Thanks for tips. I'll monitor this server downtime to see if it crash again ?

Of course, and don't forget that SirDice asked you to check for hardware errors. Regardless if you have crashes or not, updating to the latest patch release is a good practice.
 
You're missing the important information regarding the crash in the picture - the message. Only backtrace is shown.
Do you have dump configured ? If so you can find the text info in /var/crash/core.txt.$N by default, where N is the number of last crash.

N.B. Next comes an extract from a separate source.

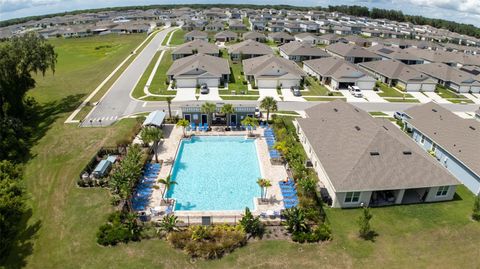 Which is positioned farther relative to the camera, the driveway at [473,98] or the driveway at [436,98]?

If you don't have it set look at dumpdev in /etc/rc.conf configuration.

Does it crash regularly (though 12d uptime doesn't fix the "crashes every two days" criteria). ?
Is some heavy job scheduled to be run during that period ? You said no - were you logged just before it crashed monitoring ?

When it comes to FreeBSD I'd push for 10.2 version as guys are improving performance every release.

As SirDice mentioned already - do check for the HW issues. Especially with non-ecc RAM. Running Memtest+ for few hours, etc. could show possible memory issues.
 
You're missing the important information regarding the crash in the picture - the message. Only backtrace is shown.
Do you have dump configured ? If so you can find the text info in /var/crash/core.txt.$N by default, where N is the number of last crash.

If you don't have it set look at dumpdev in /etc/rc.conf configuration.

Does it crash regularly (though 12d uptime doesn't fix the "crashes every two days" criteria). ?
Is some heavy job scheduled to be run during that period ? You said no - were you logged just before it crashed monitoring ?

When it comes to FreeBSD I'd push for 10.2 version as guys are improving performance every release.

As SirDice mentioned already - do check for the HW issues. Especially with non-ecc RAM. Running Memtest+ for few hours, etc. could show possible memory issues.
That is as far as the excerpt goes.